Much of the credit for what I like to think of as the discovery that the laws of nature are special in ways that allow the universe to be very structured is due to him. This idea was suspected initially by an earlier generation — particularly by P.A.M. Dirac, Fred Hoyle, and Robert Dicke. But it's my understanding that it was really Martin, together with a younger colleague, Bernard Carr, who assembled all the evidence for the specialness of the laws of nature. The result was a paper they published in Nature which has had an enormous influence on all those who think about the anthropic principle. More than one book has been written by expanding their article. But what I think is most important is that they've made the case for the specialness of the laws of nature strong enough so that those of us, like myself, who aren't attracted to the anthropic principle have to take it seriously. Then the question is, If we don't accept our own existence as the explanation for why the universe is so special, can we find another explanation?
If I can use him to say something more generally, there's something truly wonderful about the English tradition in astronomy and physics that we in America could learn a lot from. There's no country in the world that has had such a collection of inspired originators of cosmological and astronomical ideas. In this century there has been Arthur Eddington, Fred Hoyle, Dennis Sciama, Roger Penrose, Stephen Hawking, and Martin Rees himself, and there are others not as well known. There's a way in which these people have been educated to work with the highest standards of rigor and honesty, and then allowed to develop their ideas in an atmosphere much freer and more tolerant of individuality, and even eccentricity, than the American scene. The American scene is larger, and in terms of money we're better supported, but there's something unhealthy about the way in which we're so often worrying about how the National Science Foundation and the community will respond to our grant proposals. Perhaps I'm naive, but I have the impression that the British seem, at least up until now, to have avoided this overbureaucratization of science.

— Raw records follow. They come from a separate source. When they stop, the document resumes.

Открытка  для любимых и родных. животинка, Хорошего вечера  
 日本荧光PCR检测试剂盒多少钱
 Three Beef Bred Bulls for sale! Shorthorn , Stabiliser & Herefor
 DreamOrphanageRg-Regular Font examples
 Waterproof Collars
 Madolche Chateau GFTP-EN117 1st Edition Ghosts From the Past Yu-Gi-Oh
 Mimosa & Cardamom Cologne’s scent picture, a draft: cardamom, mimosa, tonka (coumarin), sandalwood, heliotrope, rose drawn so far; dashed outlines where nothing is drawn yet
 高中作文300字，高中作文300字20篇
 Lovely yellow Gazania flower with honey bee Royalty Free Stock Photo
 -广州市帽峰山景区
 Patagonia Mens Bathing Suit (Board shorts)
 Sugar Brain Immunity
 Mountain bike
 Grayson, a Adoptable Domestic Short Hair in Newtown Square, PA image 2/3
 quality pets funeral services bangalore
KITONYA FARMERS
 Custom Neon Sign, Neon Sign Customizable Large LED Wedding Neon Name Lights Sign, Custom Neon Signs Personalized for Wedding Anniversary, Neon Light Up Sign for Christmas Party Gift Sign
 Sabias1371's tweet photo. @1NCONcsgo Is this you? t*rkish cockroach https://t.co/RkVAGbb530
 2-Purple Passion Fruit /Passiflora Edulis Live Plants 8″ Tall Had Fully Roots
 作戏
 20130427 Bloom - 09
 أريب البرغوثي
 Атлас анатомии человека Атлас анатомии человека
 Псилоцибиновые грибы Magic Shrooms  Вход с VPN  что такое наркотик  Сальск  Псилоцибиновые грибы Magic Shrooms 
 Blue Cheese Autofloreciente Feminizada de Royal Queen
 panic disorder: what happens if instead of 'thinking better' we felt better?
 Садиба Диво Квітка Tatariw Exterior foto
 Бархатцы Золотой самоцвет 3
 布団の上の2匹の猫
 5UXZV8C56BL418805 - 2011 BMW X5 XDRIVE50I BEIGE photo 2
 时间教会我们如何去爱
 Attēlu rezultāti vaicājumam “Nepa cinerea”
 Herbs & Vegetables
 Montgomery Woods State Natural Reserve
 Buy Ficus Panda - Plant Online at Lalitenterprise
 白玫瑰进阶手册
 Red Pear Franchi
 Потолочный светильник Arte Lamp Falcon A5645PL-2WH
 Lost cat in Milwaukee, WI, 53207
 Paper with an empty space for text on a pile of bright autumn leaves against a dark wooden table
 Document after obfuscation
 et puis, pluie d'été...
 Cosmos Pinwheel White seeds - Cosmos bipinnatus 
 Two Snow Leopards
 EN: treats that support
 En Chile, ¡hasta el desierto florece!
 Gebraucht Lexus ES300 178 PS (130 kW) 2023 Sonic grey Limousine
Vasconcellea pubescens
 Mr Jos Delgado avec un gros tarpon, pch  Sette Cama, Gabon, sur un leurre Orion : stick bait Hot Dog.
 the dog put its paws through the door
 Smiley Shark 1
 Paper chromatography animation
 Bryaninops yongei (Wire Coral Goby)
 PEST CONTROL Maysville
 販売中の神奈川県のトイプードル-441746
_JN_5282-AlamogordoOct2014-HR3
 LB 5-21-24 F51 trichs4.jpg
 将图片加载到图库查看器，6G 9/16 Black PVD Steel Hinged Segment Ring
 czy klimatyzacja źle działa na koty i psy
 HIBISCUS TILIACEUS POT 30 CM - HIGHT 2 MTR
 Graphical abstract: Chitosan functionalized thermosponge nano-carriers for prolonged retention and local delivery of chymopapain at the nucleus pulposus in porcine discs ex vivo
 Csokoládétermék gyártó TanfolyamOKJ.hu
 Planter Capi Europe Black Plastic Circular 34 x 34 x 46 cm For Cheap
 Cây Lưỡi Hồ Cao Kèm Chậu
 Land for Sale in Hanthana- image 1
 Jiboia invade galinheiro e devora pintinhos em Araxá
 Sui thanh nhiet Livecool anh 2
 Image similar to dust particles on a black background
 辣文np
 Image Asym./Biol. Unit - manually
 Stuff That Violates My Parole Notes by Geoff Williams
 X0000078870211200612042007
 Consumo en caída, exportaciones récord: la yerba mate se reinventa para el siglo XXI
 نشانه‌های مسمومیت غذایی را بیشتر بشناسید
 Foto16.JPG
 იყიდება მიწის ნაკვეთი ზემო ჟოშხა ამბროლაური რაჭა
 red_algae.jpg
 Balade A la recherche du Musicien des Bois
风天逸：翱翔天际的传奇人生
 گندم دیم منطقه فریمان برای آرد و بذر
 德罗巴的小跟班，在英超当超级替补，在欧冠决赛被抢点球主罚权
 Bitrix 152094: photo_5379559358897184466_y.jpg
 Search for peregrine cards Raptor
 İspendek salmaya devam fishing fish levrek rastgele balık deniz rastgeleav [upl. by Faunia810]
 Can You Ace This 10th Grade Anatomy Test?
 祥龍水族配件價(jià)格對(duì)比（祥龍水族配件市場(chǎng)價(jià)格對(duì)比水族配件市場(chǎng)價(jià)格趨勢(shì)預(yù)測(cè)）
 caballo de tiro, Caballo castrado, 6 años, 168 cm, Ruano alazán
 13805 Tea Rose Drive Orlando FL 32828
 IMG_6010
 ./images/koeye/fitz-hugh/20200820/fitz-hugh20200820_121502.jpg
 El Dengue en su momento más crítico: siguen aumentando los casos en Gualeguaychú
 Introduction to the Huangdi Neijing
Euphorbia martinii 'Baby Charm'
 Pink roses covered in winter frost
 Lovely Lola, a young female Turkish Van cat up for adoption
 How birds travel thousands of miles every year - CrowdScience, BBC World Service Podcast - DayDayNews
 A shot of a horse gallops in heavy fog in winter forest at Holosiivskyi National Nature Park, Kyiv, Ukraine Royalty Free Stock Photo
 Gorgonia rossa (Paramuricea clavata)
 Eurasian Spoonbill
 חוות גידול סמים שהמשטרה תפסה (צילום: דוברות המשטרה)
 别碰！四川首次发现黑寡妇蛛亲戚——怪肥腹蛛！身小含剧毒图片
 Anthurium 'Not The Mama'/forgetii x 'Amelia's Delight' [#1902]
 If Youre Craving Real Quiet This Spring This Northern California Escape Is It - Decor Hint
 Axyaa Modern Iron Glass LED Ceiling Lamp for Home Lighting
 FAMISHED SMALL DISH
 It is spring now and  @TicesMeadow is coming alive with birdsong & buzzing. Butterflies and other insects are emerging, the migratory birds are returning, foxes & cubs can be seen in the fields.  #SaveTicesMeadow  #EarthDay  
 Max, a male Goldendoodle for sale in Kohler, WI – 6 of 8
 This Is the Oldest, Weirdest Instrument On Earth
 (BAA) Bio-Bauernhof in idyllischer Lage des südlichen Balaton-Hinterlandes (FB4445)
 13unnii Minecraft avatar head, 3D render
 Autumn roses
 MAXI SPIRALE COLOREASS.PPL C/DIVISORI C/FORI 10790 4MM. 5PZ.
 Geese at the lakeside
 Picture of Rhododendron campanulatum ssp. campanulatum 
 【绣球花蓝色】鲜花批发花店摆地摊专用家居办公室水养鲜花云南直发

It's also only England that could have produced scientists like Jim Lovelock or the physicist and philosopher Julian Barbour, who stay at home, unconnected to any university, but do original and important work that wins the respect of their less courageous colleagues in the universities. Perhaps the point is that the English have never forgotten that in the end the advances of science are made by creative personalities, so that the best way to advance science is to give people the best possible education intellectually and morally — I say "morally" because I think science works because scientists practice an ethics of honesty and tolerance — and then give as much freedom as possible to those who show themselves to be creative. This is something I think we need to think about more in the United States.